● Collected data:
╔══
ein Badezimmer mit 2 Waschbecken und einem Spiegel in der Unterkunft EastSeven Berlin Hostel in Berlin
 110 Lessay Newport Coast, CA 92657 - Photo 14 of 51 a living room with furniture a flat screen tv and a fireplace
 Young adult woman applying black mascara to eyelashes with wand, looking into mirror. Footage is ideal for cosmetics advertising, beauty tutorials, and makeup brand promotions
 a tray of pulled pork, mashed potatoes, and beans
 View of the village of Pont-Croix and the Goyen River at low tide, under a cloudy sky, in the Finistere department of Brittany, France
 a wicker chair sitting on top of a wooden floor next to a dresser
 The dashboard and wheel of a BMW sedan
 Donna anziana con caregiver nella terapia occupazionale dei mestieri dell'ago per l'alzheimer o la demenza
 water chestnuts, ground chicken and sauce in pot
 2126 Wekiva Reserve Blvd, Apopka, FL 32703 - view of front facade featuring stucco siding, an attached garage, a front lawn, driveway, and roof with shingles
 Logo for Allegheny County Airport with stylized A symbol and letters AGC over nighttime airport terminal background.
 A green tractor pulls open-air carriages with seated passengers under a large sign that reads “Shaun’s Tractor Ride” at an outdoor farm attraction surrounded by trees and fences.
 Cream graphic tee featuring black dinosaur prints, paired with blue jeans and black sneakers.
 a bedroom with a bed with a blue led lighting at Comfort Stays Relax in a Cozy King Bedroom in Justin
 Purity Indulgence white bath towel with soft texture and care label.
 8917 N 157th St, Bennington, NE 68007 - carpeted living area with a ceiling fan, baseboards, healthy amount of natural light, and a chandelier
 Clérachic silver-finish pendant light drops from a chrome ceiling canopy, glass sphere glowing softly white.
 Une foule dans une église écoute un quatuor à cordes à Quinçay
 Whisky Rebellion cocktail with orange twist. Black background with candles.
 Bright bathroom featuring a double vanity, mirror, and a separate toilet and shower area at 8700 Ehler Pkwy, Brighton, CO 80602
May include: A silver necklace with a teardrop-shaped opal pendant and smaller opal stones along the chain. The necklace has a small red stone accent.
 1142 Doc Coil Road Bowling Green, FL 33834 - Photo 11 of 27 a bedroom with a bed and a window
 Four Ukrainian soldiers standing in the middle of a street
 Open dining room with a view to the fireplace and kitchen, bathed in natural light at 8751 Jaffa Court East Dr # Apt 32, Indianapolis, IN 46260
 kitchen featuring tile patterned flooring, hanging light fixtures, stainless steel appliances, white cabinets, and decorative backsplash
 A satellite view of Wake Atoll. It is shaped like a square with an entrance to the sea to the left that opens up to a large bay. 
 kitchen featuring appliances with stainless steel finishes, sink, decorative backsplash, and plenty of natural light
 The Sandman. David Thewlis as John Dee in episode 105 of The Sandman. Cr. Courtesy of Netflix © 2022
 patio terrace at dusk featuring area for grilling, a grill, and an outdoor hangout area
╚══
● PROBLEM DETAILS:
The answer must consist of each line from the data that includes the string "ceiling".

● OUTPUT OF THE EXERCISE:
 8917 N 157th St, Bennington, NE 68007 - carpeted living area with a ceiling fan, baseboards, healthy amount of natural light, and a chandelier
 Clérachic silver-finish pendant light drops from a chrome ceiling canopy, glass sphere glowing softly white.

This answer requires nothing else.